La Palestina e il Cambiamento Climatico
di Marta Ellena
Stiamo facendo il possibile, quindi non vogliamo essere esclusi. Questo è un nostro diritto!
Nedal Katbehbader, Ministro dell’Ambiente
Nel corso degli ultimi mesi (ed a poco tempo dal suo riconoscimento presso l’UNFCCC), nel difficile contesto politico ed umanitario in cui si colloca la Palestina ha cominciato ad occuparsi concretamente di cambiamenti climatici. Nel mese di aprile aderendo all’Accordo di Parigi, ed in seguito pensando alla realizzazione di azioni concrete per dei piani strategici di adattamento e mitigazione, tali politiche sono state prese per la prima volta seriamente in considerazione poiché “non può più sussistere che la popolazione sia esclusa dalla scena internazionale e dai diritti umani che la maggior parte dei Paesi possiedono”, ha spiegato Lars Ronnås, ambasciatore svedese del cambiamento climatico. È opportuno che la comunità internazionale non supporti solamente la Palestina nello sviluppo degli NDCs, ma la aiuti a raggiungere la serenità, la pace e i diritti a cui la maggior parte dei paesi ha accesso.
La collocazione geografica della Palestina espone il Paese ad un elevato numero di rischi: il settore agricolo e il settore alimentare sono quelli maggiormente colpiti dagli impatti del cambiamento climatico, implicando così una scarsità di risorse sempre più consistente. Inoltre, l’ambiente sociale, giuridico e locale in cui essa si trova contribuisce ad aggravare la situazione.

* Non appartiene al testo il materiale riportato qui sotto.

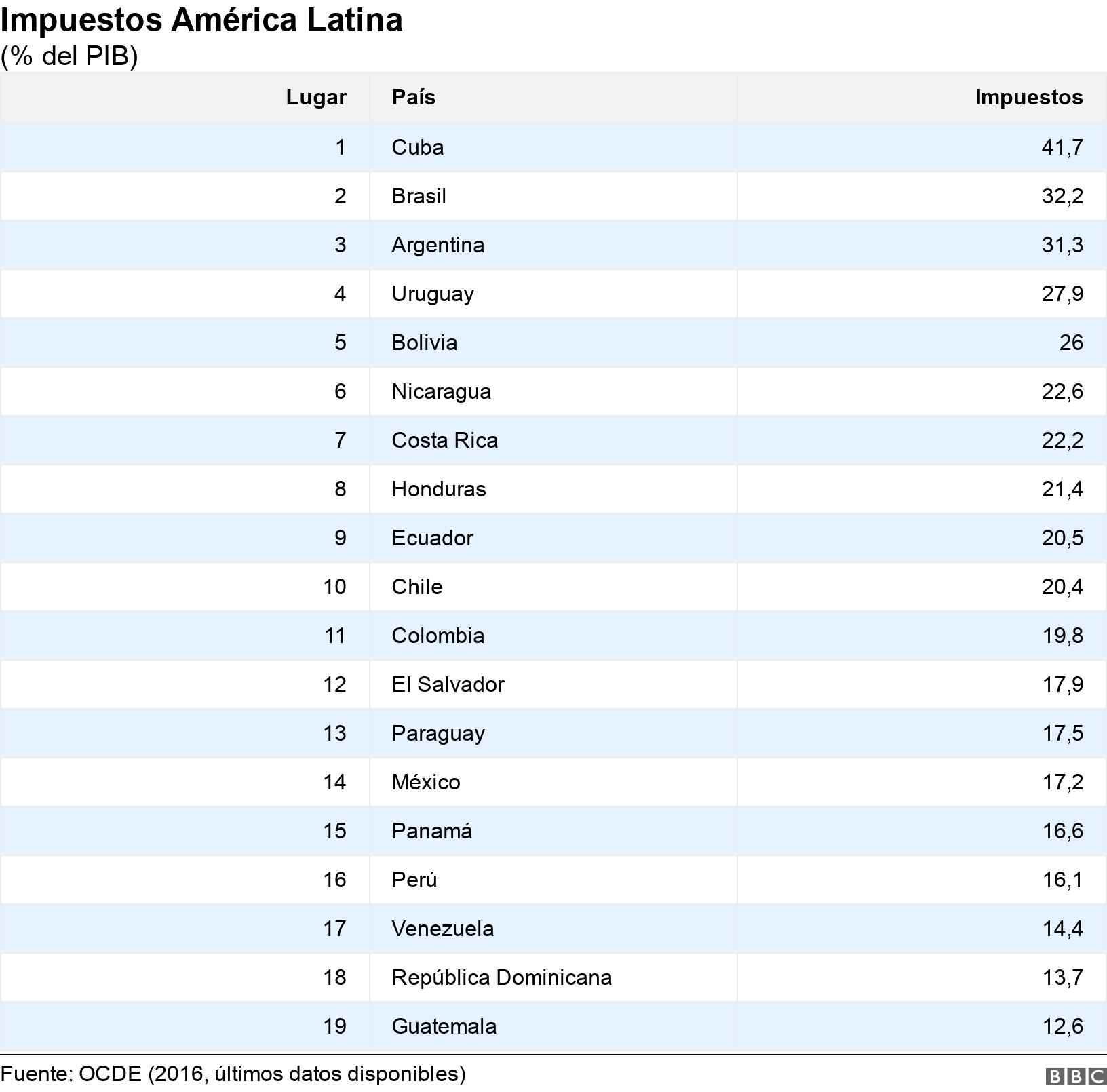 lista de naciones sudamericanas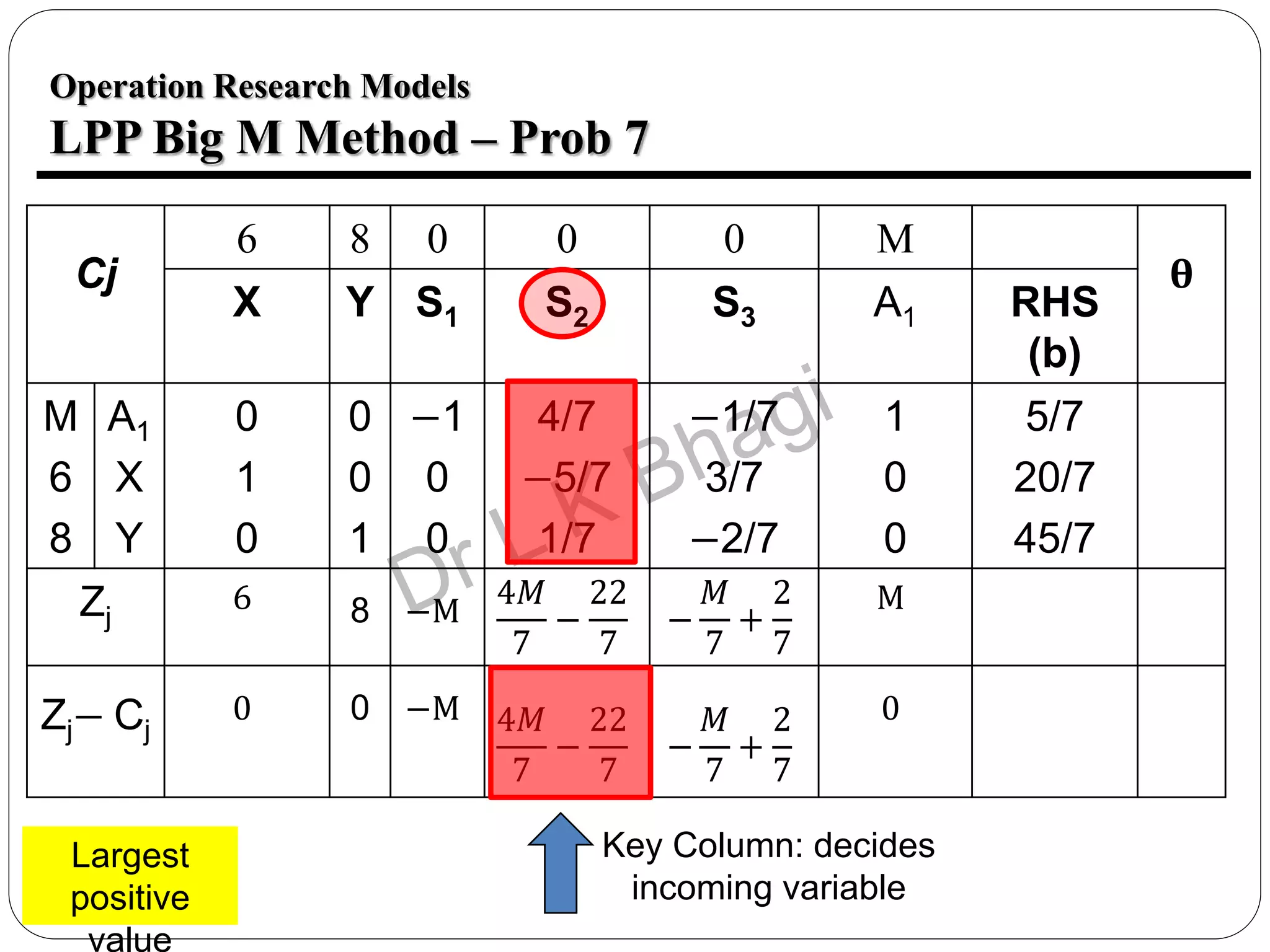 39
Operation Research Models
LPP Big M Method – Prob 7
Cj
6 8 0 0 0 M
θ
X Y S1 S2 S3 A1 RHS
(b)
M
6
8
A1
X
Y
0
1
0
0
0
1
−1
0
0
4/7
−5/7
1/7
−1/7
3/7
−2/7
1
0
0
5/7
20/7
45/7
Zj
6 8 −M
4𝑀
7
−
22
7
−
𝑀
7
+
2
7
M
Zj− Cj
0 0 −M 4𝑀
7
−
22
7
−
𝑀
7
+
2
7
0
Key Column: decides
incoming variable
Largest
positive
value
 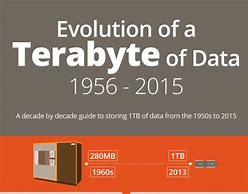 Image result for Timeline of Storage Devices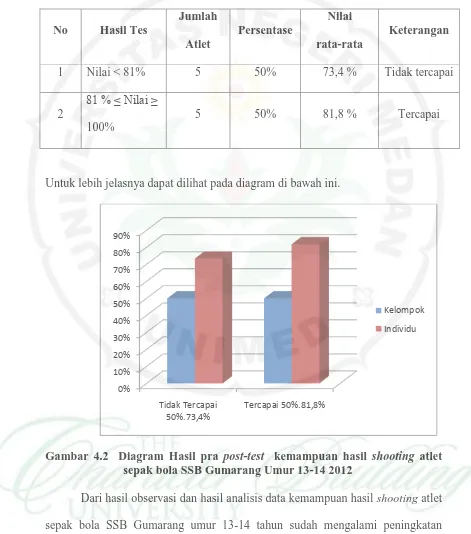 Gambar 4.2  Diagram Hasil pra post-test  kemampuan hasil shooting atlet sepak bola SSB Gumarang Umur 13-14 2012 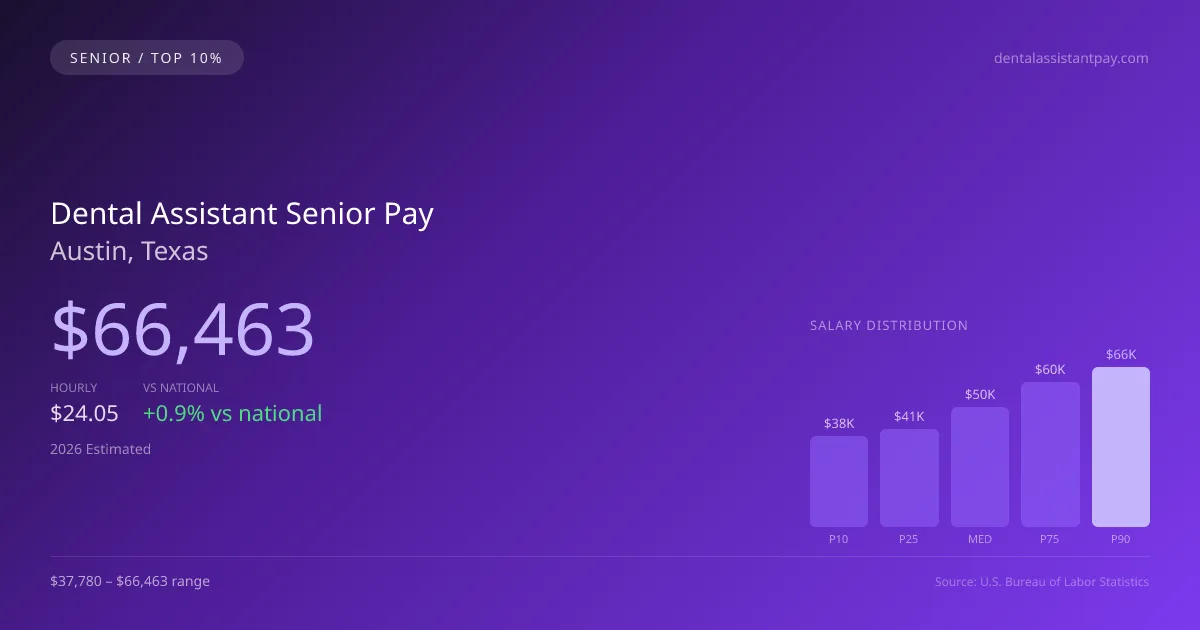 Dental Assistant Senior Salary in Austin, TX — 2026 est., based on 2025 BLS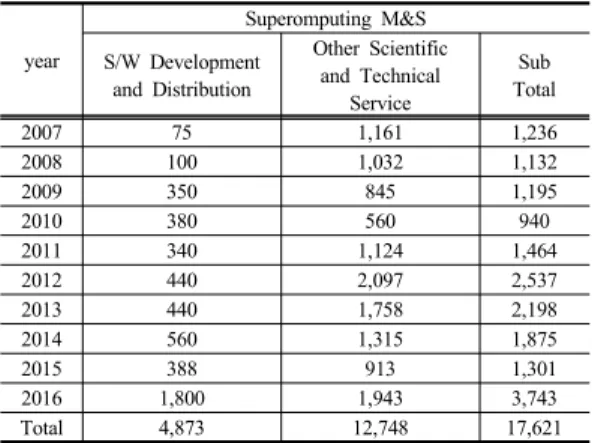 Table 2. Classification of M&amp;S in Input-Output Tables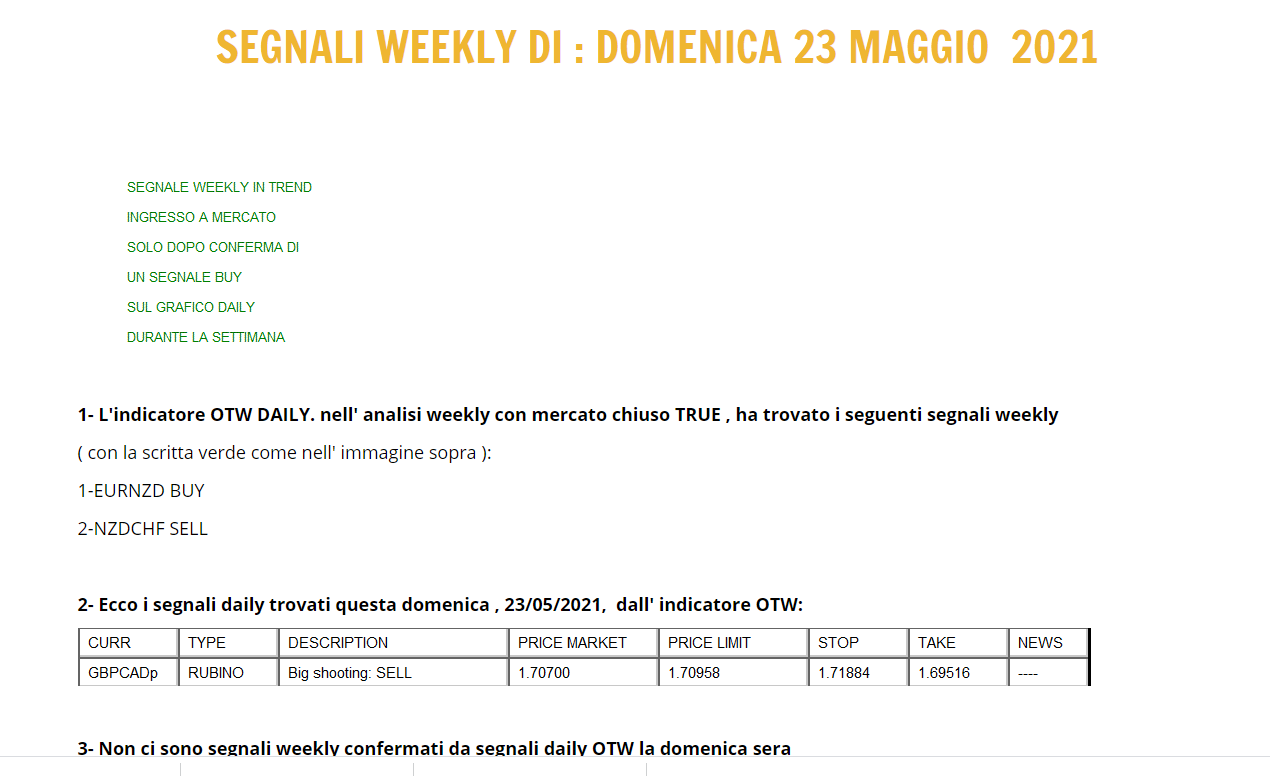 Daily forex data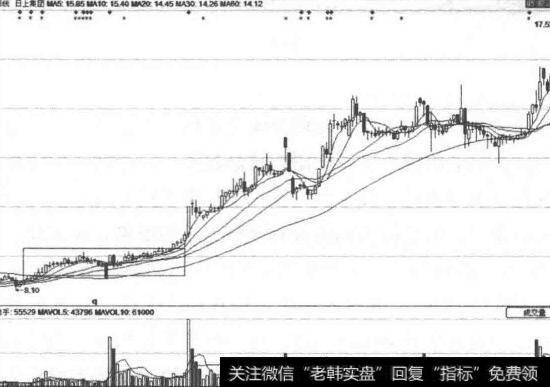 日上集团(002593)启动前形成的典型小豆排列图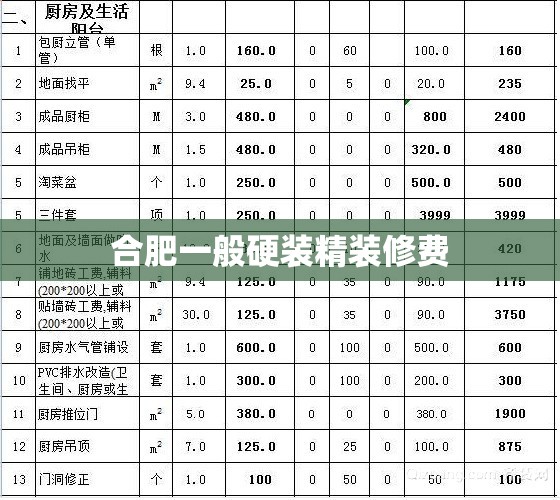 合肥一般硬装精装修费(合肥100平中等硬装修大概多少钱一套) 合肥一般硬装精装修费(合肥100平中等硬装修大概多少钱一套)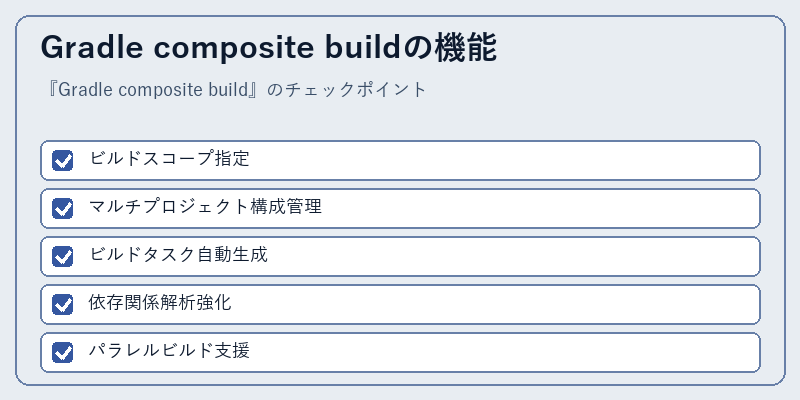 Gradle composite buildの機能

L’United Nations Development Programme (UNDP), insieme alla cooperazione belga, sta fornendo già da diverso tempo un supporto alle autorità locali, rafforzando così le capacità delle istituzioni nell’intraprendere azioni verso uno sviluppo sostenibile. Tale sforzo è un’opportunità utile per aiutare la Palestina a far parte dei meccanismi di finanziamento per futuri progetti di mitigazione e, soprattutto, adattamento.
Nedal Katbehbader, Ministro dell’Ambiente e rappresentante dello Stato della Palestina, ha espresso come molti stakeholder siano già stati coinvolti per rafforzare al massimo le azioni in ambito climatico, in modo da poter collaborare a livello globale per implementare delle azioni mirate. Lo sviluppo del Contributo Nazionale Volontario è stato ricollegato al Piano Nazionale di Sviluppo e recentemente sono state introdotte delle strategie settoriali, considerando l’arco temporale 2017 – 2022. Nel documento viene sottolineato come l’occupazione israeliana accresca notevolmente le difficoltà di riuscita dello stato per ciò che concerne le azioni di adattamento e mitigazione, aumentando la vulnerabilità climatica. È stato messo al primo posto l’adattamento – con un piano di azione fino al 2030 – e a seguire la mitigazione con un piano di azione al 2040.
Per ciò che concerne l’adattamento, è stata presa in analisi la riduzione della sensitività climatica mirata al rafforzamento della resilienza. Nel draft sono attualmente presenti all’incirca 80 azioni di adattamento che vanno a ricoprire le dodici aree identificate come più vulnerabili: agricoltura, energia, cibo, salute, industrie, l’ecosistema terrestre e marino, il turismo, l’acqua, i rifiuti, e la tutela dell’ambiente urbano e delle infrastrutture. Le azioni sono mirate al distretto della West Bank e alla zona inerente la striscia di Gaza. Per ciò che riguarda la riduzione delle emissioni di CO2, invece, la Palestina necessita di un contributo da parte delle agenzie internazionali per quel che concerne la finanza, il trasferimento di tecnologia, ed il capacity building. In tale sezione viene chiaramente espresso come il conflitto e la dipendenza dalla situazione israeliana possa cambiare le prospettive di mitigazione futura, specificando come in una situazione come quella odierna la riduzione possa arrivare a -12,8% entro il 2040 rispetto al Business as Usual (BAU), e come invece l’indipendenza da Israele possa raddoppiare tale riduzione giungendo ad un 24,4% per il medesimo arco temporale.
Infine, per ciò che riguarda l’implementazione delle azioni precedentemente citate, il costo totale per la mitigazione si aggira intorno agli 1,4 milioni di dollari nazionali, mentre il costo totale per implementare le azioni di adattamento è pari a 3,5 miliardi di dollari. All’interno del Piano Nazionale di Sviluppo è spiegato come tali costi facciano riferimento all’orizzonte temporale da 1 a 5 anni (breve periodo) e da 6 a10 anni (lungo periodo).
La Palestina ha raggiunto molto nell’ultimo periodo, entrando inoltre a far parte della COP solo quest’anno, dimostrando una testimonianza importante di partecipazione attiva.